Marc (on Andy's gift): "You take this complex thing like Commercial Bay, massive vertical building, all these interacting components, and boil it into one diagram and someone like me who's not normally a construction guy could look at it and go 'oh, what's this?' And you're like 'exactly, yep that's a problem.' You make it simple and visual for people, and that was just really powerful."
Marc: "Although I can talk to anybody. But you had to win them over and get them to plan ahead. They don't like planning ahead. They like to do it off the back of a bag packet."
Marc: "There's two ways to make [Last Planner-master-programme integration] happen. One's hard and one is probably mostly unproven and not yet solved. The hard one is you need good leaders."
Marc: "The most beautiful thing about Last Planner is when they put their task on that board, they are committing to doing that work. Where do you get that anywhere else?"
Marc: "We need to invest in leadership. They need to get on to that. BCITA looks after trades, why not managers?"
Marc: "You've got smart people building a lot of smart solutions, but nothing's integrated."
Andy: "I've always called it a project data structure, zones, subzones.
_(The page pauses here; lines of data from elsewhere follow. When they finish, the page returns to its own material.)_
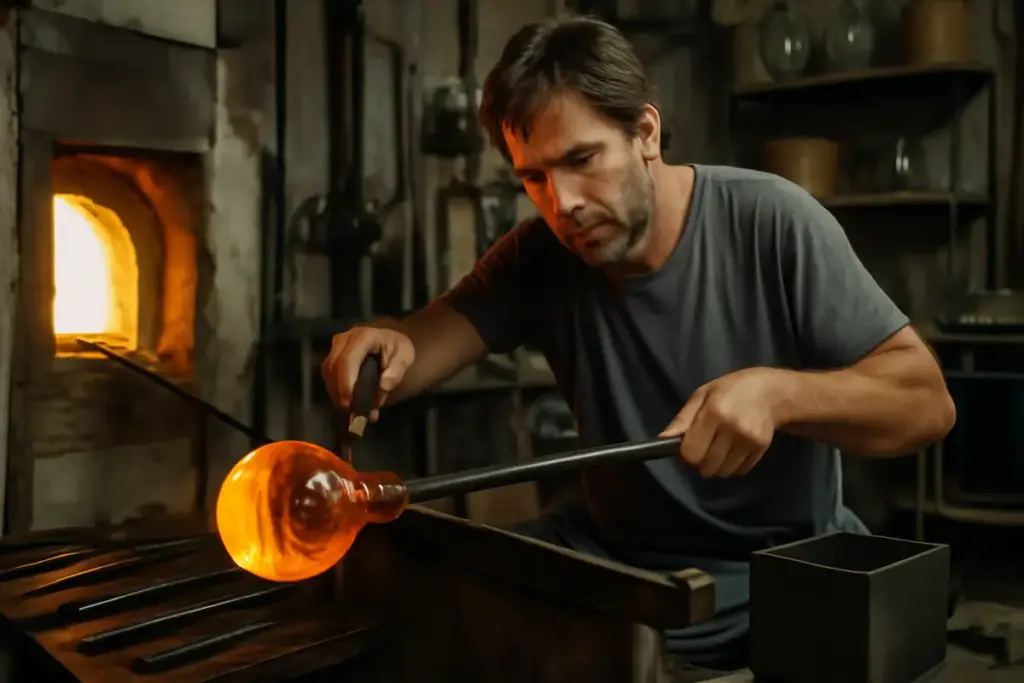 Come si lavora il vetro soffiato nei piccoli laboratori? La tecnica rivelata direttamente dagli artigiani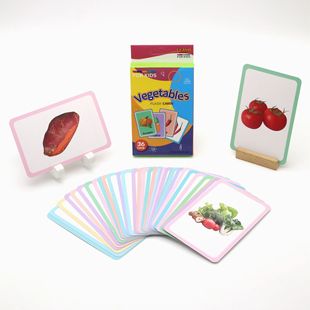 Infant Enlightenment Early Education English Words Green Vegetable Cognitive Card Color Visual Flash Card Flas h Card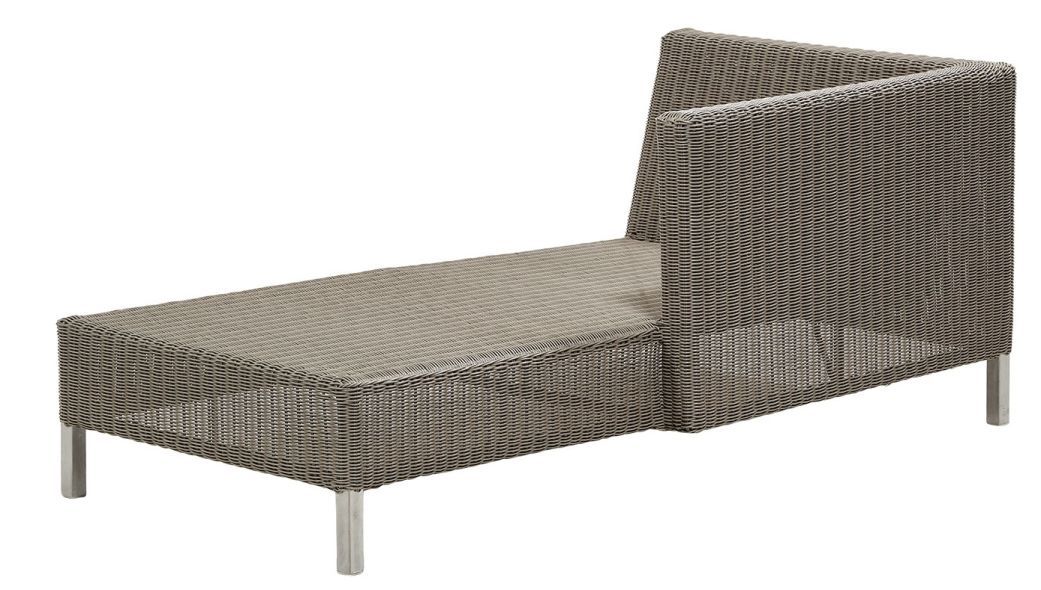 Connect Chaiselongue von Cane-Line: Modulares Loungemöbel aus Rattan für den Garten und die Terrasse.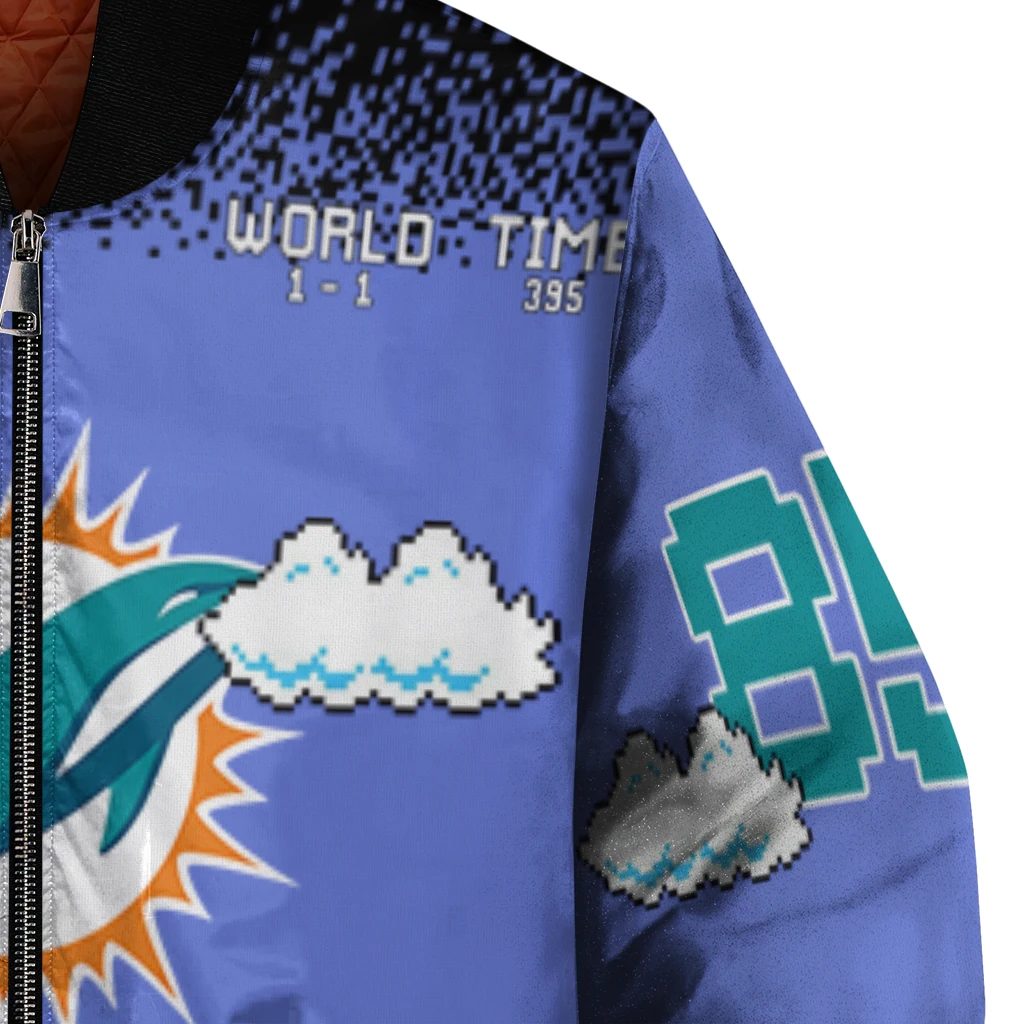 custom miami dolphins mario blocks blue black bomber jacket premium grade custom miami dolphins mario blocks blue black bomber jacket premium grade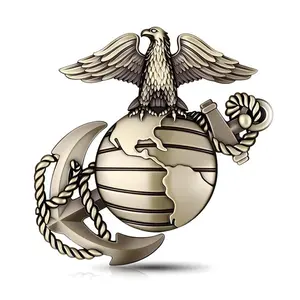 U.S.Marine Corps Car Emblem – 3D Eagle Globe Anchor Metal Decal, 3.3"x3.1" Weatherproof Military Sticker, Universal Fit for Cars, Trucks, Gifts for Veterans & Supporters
That's the first thing you'll ever do."
Guest Background
Marc Parsons, at time of recording, Strategic Programme Manager for Digitalisation at NZ Post. Previously: nine years full-time in the NZ Army (still in part-time at recording) teaching planning of operations. Career arc through lean / Kaizen / continuous-improvement consulting before NZ Post. Met Andy at Fletcher Construction (Auckland Airport then Commercial Bay), and at an antenatal class where they discovered they worked at the same company. Kids born in same window. Marc + Andy's project working relationship is the source of multiple SPC framing devices ("post-it note power"; complementary specialist + integrator pairing).